**Task goal**: In the data below, find the line with "1 Bedroom Apartment" and the line with "伊利亚贝拉Feiticeir", then restate both and every line between them exactly, minus the pictures.

**Input**:
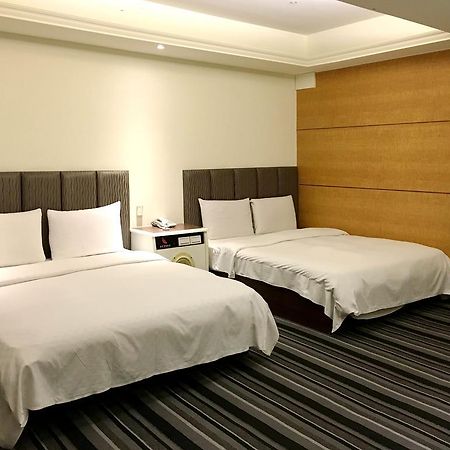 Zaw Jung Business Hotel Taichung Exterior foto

* * *

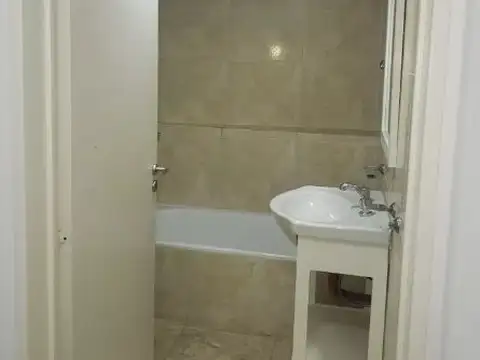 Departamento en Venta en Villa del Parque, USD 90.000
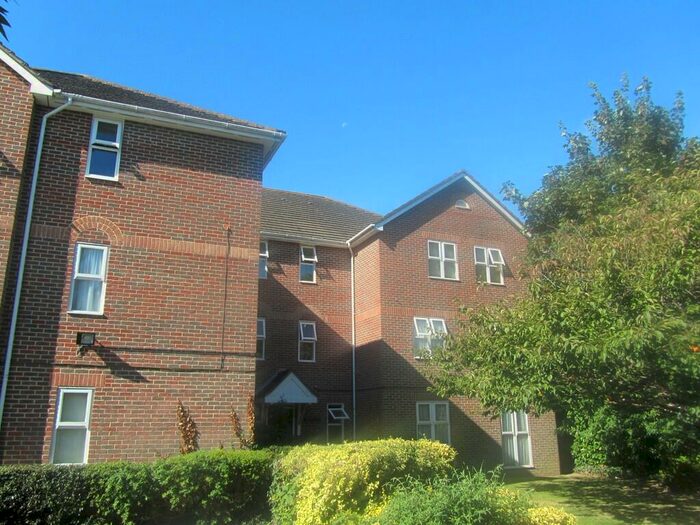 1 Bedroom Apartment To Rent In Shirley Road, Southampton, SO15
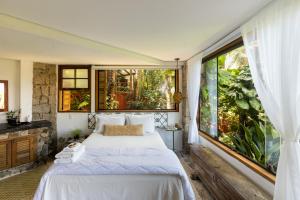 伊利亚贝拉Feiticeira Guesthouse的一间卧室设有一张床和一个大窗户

...

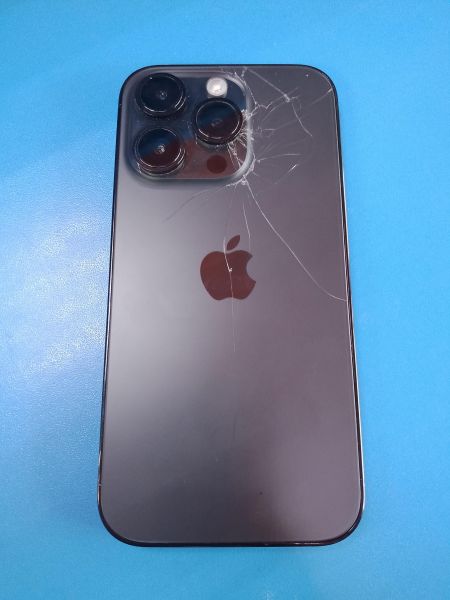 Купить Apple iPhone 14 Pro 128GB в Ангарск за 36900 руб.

**Output below**:
 1 Bedroom Apartment To Rent In Shirley Road, Southampton, SO15
 伊利亚贝拉Feiticeira Guesthouse的一间卧室设有一张床和一个大窗户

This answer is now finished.